Patients and methods: Patients with ER-positive, HER2-negative ABC previously treated with aromatase inhibitors ± cyclin-dependent kinase 4 and 6 inhibitors were randomly assigned (1 : 1 : 1) to receive imlunestrant, SOC, and imlunestrant-abemaciclib. Primary endpoints were PFS in imlunestrant versus SOC in patients with ESR1m and all patients, and versus imlunestrant-abemaciclib in all concurrently randomized patients. OS was a key secondary endpoint (tested if the corresponding PFS was statistically significant). Due to only two of three PFS endpoints being met, a limited significance level was passed to the OS comparisons. Exploratory endpoints included time to chemotherapy, chemotherapy-free survival, and PFS2.

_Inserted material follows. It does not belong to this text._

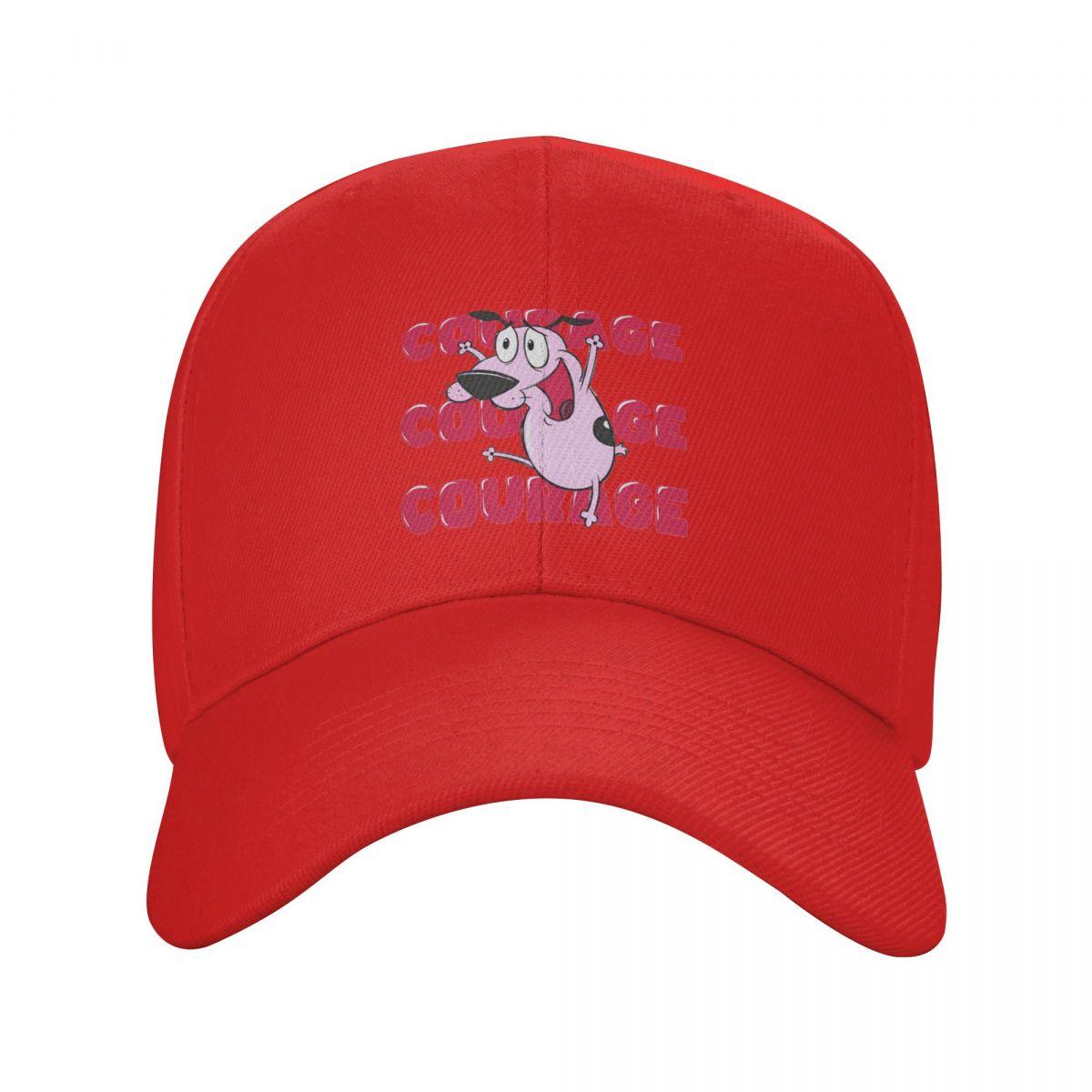 

Cowardly Dog Courage Cartoon Baseball Caps Snapback Men Women Hats Casual Cap Hip Hop Baseball Hat Casquette One Size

Results: A total of 874 patients were randomized (imlunestrant, n = 331; SOC, n = 330; imlunestrant-abemaciclib, n = 213). Median follow-up was 28.5 months; 10.1% of patients remained on treatment (data cut-off: 18 August 2025).In patients with ESR1m, median OS (mOS) was 34.5 months for imlunestrant versus 23.1 months for SOC [hazard ratio (HR) 0.60, 95% confidence interval (CI) 0.43-0.86, P = 0.0043, boundary for significance not reached]. In all patients regardless of ESR1m, mOS was not reached with imlunestrant-abemaciclib versus 34.4 months with imlunestrant (HR 0.82, 95% CI 0.59-1.16, P = 0.2622). Updated PFS demonstrated sustained benefit. Notably, in all patients regardless of ESR1m, the median PFS of imlunestrant-abemaciclib versus imlunestrant was 10.9 versus 5.5 months (HR 0.59, 95% CI 0.47-0.74, nominal P < 0.0001). All prespecified exploratory endpoints favored imlunestrant-based regimens. Safety remains consistent with prior reports.
Conclusions: These findings reinforce the clinical benefit of imlunestrant-based regimens as a potential all-oral, chemotherapy-free treatment option for endocrine-pretreated patients with ER-positive, HER2-negative ABC.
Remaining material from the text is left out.